Provided material.
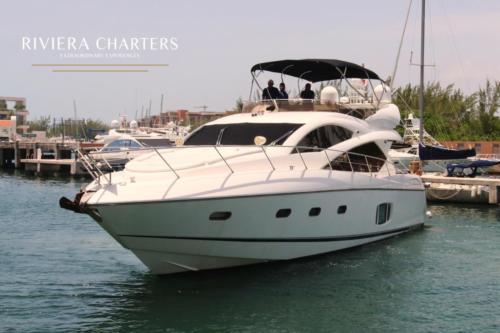 64-Ft-Sunseeker-Manhattan-with-flybridge-in-Cancun-and-Isla-Mujeres-by-Riviera-Charters-40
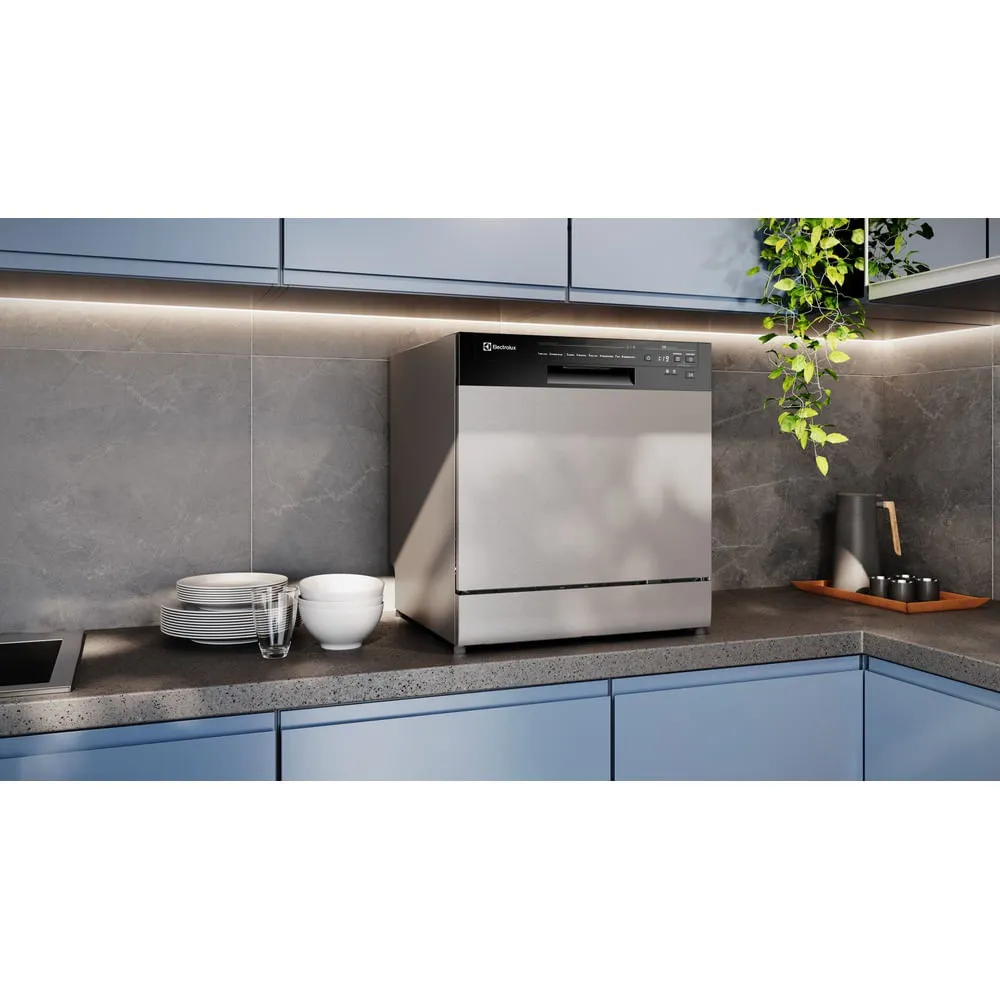 Lava-Louça Electrolux 8 Serviços Inox com Programa Lava & Seca 50 min (LS08E)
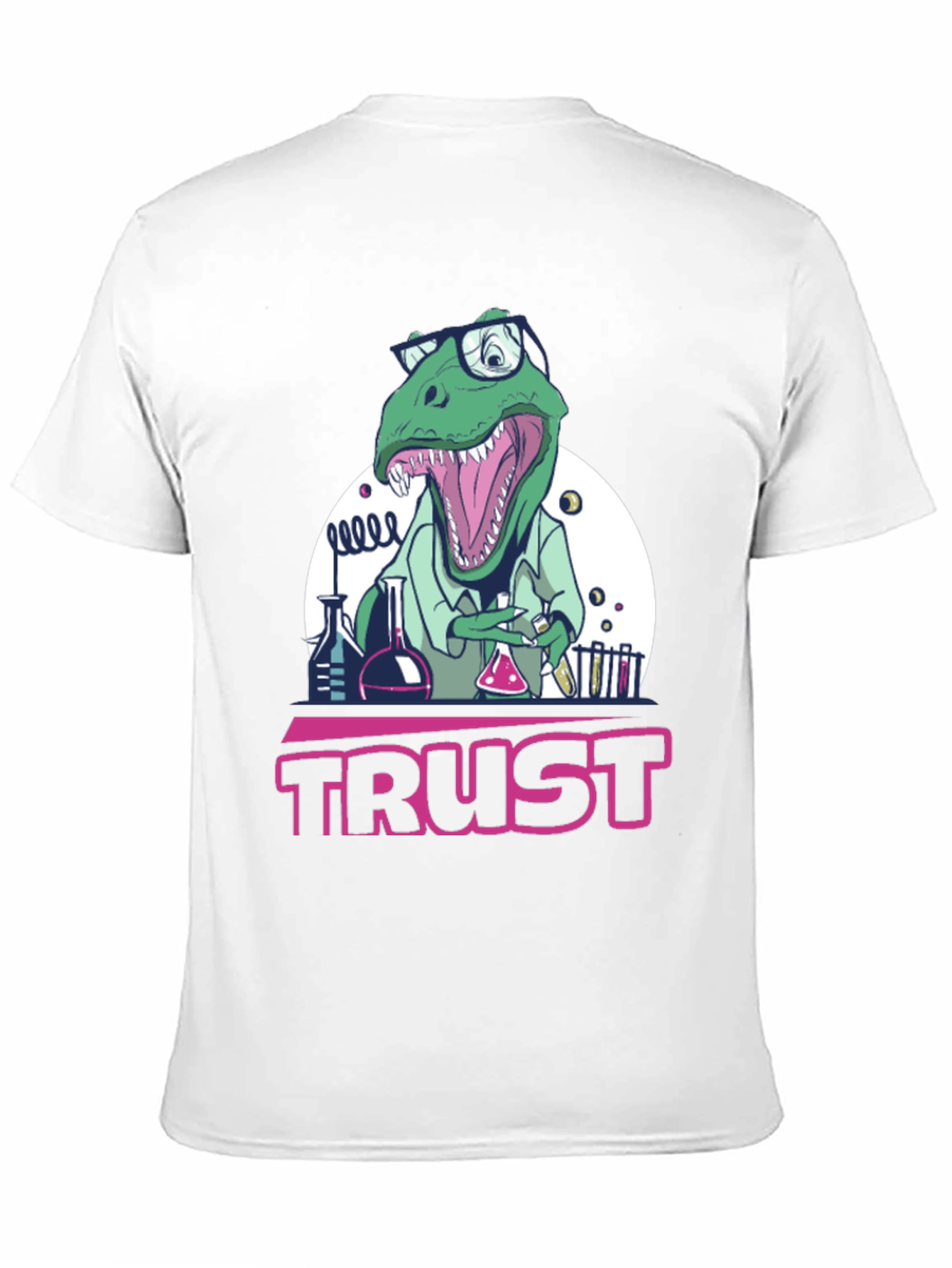 Trust Dinosaur Scientist Graphic Tee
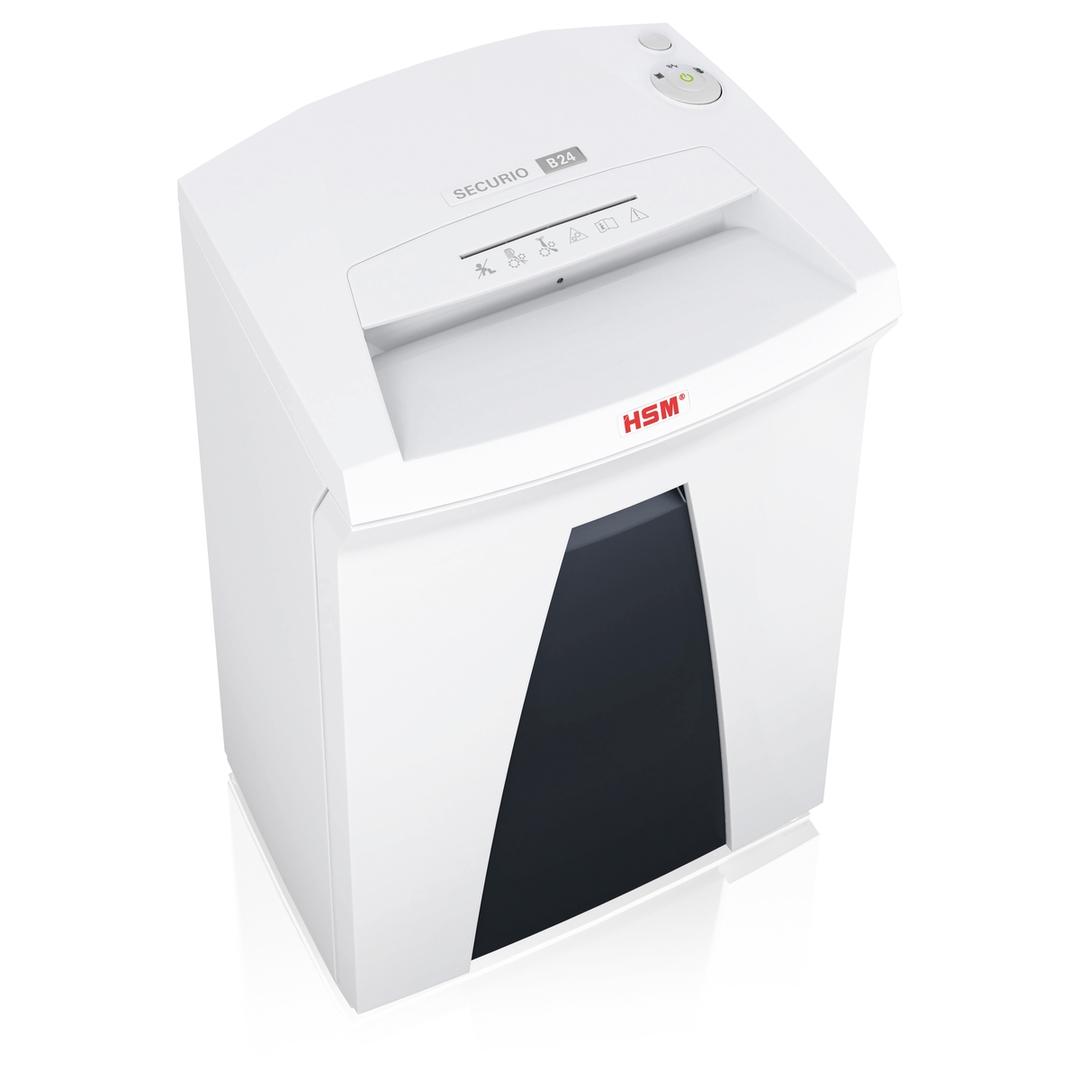 Destructeur de documents P2 Coupe droite B24 Securio 3,9 mm HSM — Vue de droite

Exercise. The copy should run from the first line of the material above through the line with "Trust Dinosaur Scientist Graphic Tee", repeated exactly and without pictures.

Answer to this exercise.
 64-Ft-Sunseeker-Manhattan-with-flybridge-in-Cancun-and-Isla-Mujeres-by-Riviera-Charters-40
 Lava-Louça Electrolux 8 Serviços Inox com Programa Lava & Seca 50 min (LS08E)
 Trust Dinosaur Scientist Graphic Tee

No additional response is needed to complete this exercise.